Но луч света всегда пронизывает тьму. Я намеревался сказать вам проповедь, и я спросил себя, к кому же обращаю я слова мои. Мысленно я оглядел скамьи, где сидят мои прихожане, и увидел их такими, какими не видел прежде. Я никогда ведь не думал о том, что паства моя — это простые труженики: дровосеки и водоносы. Я думал о них, как о людях вообще, — к чему было говорить, что они рабочие люди? Однако мой народ воистину рабочий народ. Разве это не правда? Я вижу, вы утираете слезы. Это хорошо. Скоро вы будете плакать, ибо страдания Сакко и Ванцетти — это ваши страдания и мои страдания. И подвиг их — это наш подвиг. Это подвиг и страдания всех рабочих людей нашего времени, какого бы цвета у них ни была кожа: черного или белого. Это страдания несчастного загнанного негра, повешенного озверелой толпой обезумевших от ненависти людей. Это подвиг трудящегося человека, который бродит с места на место в поисках куска хлеба, прося, чтобы кто-нибудь купил силу его рук, потому что жена его и дети голодают. Это подвиг и сына божия, который тоже был плотником.

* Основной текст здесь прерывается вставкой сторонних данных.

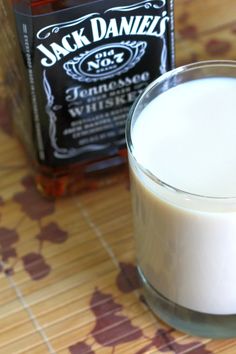 Jack Daniels bottle behind cocktail Low Calorie Liquor, Jack Fire, Whiskey Drinks Recipes, New Year's Drinks, Drink Names, Creamy Cocktails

Мы терпеливый народ. Разве можно счесть, во что обошлась нам наука терпения? Разве можно счесть кровь, и слезы, и сердечную боль? Но мы терпеливый народ, гнев приходит к нам не сразу. Однако теперь я уже не знаю — порок это или добродетель? — Они заявили, что Сакко и Ванцетти умрут через несколько дней. Не знаю, где лежит наш долг, — ведь нас так мало и мы так далеко от них. Был ведь такой человек, его звали Петр, он не мог смотреть на то, как воины и служители схватили господа его и спутника; он извлек меч, чтобы поразить врагов своих. Но Иисус сказал Петру: «Вложи меч в ножны; неужели мне не испить чаши, которую дал мне отец мой?» Долго я раздумывал над этими словами, стараясь побороть сомнение, которое твердило: «Этого мало. Так нельзя!» Но я не находил ответа. Сердце мое полно печаля, и я приношу вам мою печаль, прося вас помолиться вместе со мной за тех двоих — Сакко и Ванцетти. Они ведь умрут за нас…

Слова негритянского священника выразили то, что чувствовали многие люди.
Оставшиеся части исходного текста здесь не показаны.